▶ [Task requirements]: Output the listing word for word, minus pictures.

▶ [Dataset extract]:

»»

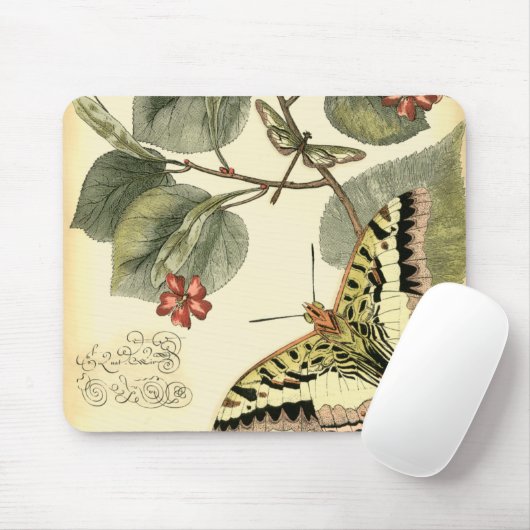 Schmetterling und Libelle mit roten Blume Mousepad (Mit Mouse)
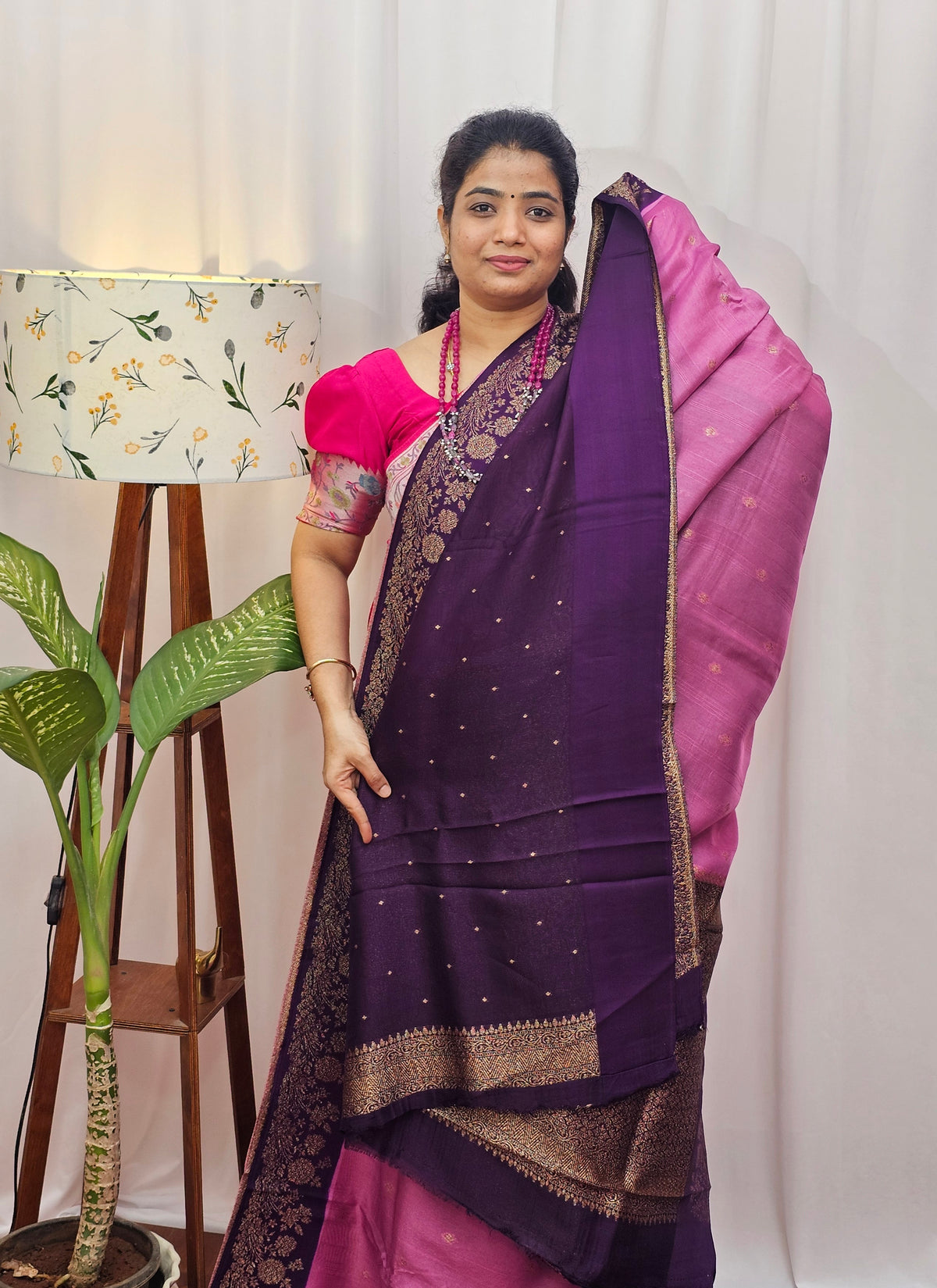 Jute Banarasi Silk Saree - Onion Pink with Purple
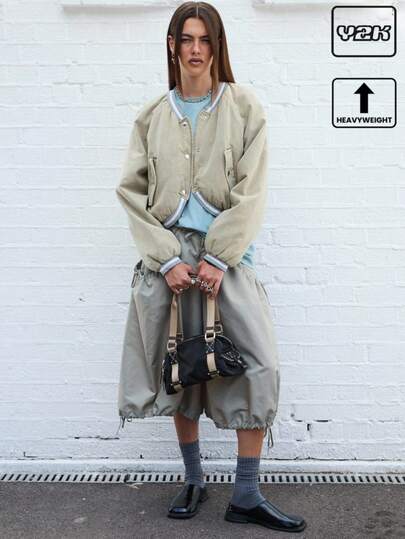 COUREZ 超大款短款棒球夹克 / Y2K 秋季女装 冬季女装 短款夹克 女士冬季夹克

««

▶ [Solution for this exercise]:
 Schmetterling und Libelle mit roten Blume Mousepad (Mit Mouse)
 Jute Banarasi Silk Saree - Onion Pink with Purple
 COUREZ 超大款短款棒球夹克 / Y2K 秋季女装 冬季女装 短款夹克 女士冬季夹克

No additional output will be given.